Déjà il ne l’entendait plus. La conscience des choses présentes ne lui revenait que par instants passagers. Par instants seulement, il comprenait que Sylvia était là, qu’elle approchait un cordial de ses lèvres, qu’elle murmurait de tendres paroles à son oreille. Puis il sembla s’endormir. Mais au moment où les rayons rouges du soleil matinal vinrent frapper ses yeux, il se releva par un effort soudain, et se tournant pour voir une fois encore ce pâle visage adoré :

« Dans le ciel ! » s’écria-t-il avec un radieux sourire. Puis il retomba, masse inerte, sur son oreiller.

. . . . . . . . . . . . . . . . . . . .

Lorsque Hester survint, portant dans ses bras la petite Bella dont le sommeil n’était pas tout à fait dissipé, ce fut pour voir le cadavre de Philip, que Sylvia tenait encore embrassé. Kester, à côté d’elle, sanglotait amèrement ; mais Sylvia ne pleurait pas. Quand on lui présenta l’enfant, elle la regarda, les yeux grands ouverts, et semblait ne pas comprendre. Mais à la vue de cette figure couverte de cicatrices et qu’elle reconnut aussitôt :

« C’est le pauvre homme qui avait faim, s’écria Bella… Crois-tu qu’il ait encore besoin de manger ?
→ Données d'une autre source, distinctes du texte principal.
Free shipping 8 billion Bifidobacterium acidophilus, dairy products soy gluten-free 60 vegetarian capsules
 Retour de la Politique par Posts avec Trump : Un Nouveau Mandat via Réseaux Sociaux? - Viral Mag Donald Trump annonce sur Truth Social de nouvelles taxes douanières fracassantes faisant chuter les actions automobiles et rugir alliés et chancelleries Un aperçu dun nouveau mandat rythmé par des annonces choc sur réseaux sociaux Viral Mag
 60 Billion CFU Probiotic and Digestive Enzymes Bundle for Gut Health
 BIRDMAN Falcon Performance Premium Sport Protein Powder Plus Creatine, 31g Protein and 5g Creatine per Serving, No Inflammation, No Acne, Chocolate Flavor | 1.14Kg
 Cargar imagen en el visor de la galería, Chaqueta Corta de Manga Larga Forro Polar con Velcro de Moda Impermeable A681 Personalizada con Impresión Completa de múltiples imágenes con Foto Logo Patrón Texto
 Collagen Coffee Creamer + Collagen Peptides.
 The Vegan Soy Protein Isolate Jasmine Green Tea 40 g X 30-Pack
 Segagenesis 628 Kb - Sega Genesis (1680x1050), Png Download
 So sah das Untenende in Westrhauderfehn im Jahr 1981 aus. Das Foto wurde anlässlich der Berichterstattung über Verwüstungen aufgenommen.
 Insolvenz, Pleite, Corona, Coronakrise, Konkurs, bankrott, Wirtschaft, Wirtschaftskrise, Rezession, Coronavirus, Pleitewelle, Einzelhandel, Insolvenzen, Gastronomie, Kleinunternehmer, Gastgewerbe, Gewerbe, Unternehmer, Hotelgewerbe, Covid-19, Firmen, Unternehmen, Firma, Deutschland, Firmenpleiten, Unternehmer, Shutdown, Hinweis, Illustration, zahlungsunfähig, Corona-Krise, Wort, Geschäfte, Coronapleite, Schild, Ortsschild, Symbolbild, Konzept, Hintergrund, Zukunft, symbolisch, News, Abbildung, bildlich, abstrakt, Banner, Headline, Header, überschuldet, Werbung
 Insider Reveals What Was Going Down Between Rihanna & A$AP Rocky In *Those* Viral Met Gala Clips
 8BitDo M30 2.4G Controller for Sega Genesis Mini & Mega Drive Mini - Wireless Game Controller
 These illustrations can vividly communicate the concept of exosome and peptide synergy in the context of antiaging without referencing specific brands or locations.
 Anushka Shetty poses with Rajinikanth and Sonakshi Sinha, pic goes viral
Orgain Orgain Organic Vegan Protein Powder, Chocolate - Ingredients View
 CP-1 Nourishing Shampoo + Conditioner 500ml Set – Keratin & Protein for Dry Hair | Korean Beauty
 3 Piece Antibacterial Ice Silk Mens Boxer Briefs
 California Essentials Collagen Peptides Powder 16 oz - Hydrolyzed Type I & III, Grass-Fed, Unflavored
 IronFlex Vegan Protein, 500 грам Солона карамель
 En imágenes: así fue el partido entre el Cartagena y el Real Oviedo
— Non, répondit doucement Hester, les choses du passé ne sont plus… Le chagrin et la souffrance n’habitent pas où il est. »

Tandis qu’elle parlait ainsi, son regard tomba sur un ruban noir passé autour du cou de Philip. À ce ruban, qu’elle souleva d’une main respectueuse, pendait une pièce d’argent. C’était celle qu’il avait fait percer, quelques jours avant, par William Darley.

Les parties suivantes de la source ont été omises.